--- Try it ---
Search the records below for the string "with" and copy each line where it turns up.

--- Records for this task ---
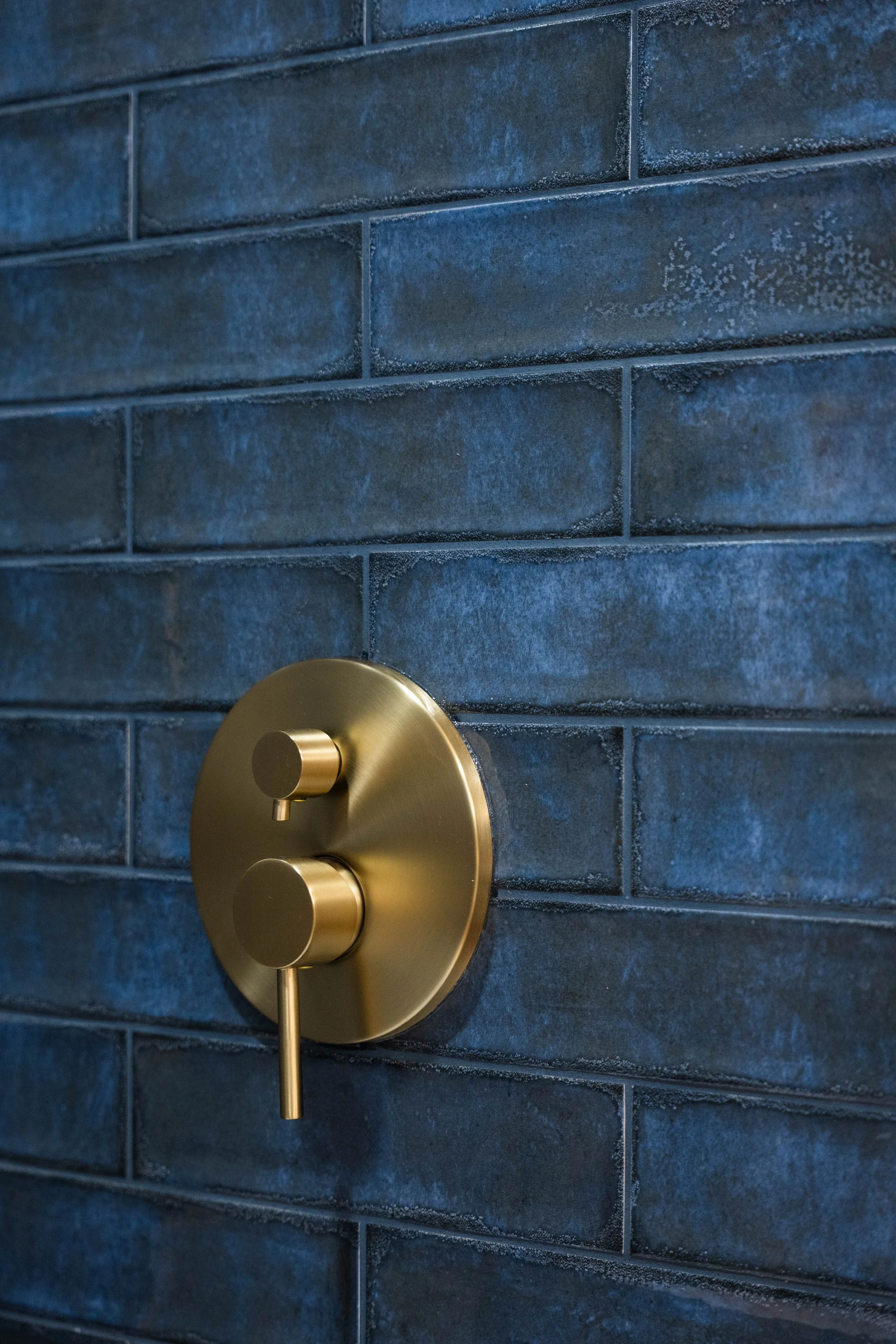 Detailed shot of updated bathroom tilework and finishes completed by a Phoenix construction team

--

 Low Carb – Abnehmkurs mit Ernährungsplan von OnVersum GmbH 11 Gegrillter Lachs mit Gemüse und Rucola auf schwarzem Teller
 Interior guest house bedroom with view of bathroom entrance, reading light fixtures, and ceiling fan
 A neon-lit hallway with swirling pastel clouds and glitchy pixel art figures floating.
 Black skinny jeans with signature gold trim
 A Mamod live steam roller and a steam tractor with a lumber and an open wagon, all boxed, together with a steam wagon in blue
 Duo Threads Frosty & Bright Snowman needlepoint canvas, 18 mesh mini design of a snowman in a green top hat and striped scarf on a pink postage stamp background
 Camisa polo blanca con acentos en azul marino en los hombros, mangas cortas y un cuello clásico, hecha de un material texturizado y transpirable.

--- Written solution ---
 Interior guest house bedroom with view of bathroom entrance, reading light fixtures, and ceiling fan
 A neon-lit hallway with swirling pastel clouds and glitchy pixel art figures floating.
 Black skinny jeans with signature gold trim
 A Mamod live steam roller and a steam tractor with a lumber and an open wagon, all boxed, together with a steam wagon in blue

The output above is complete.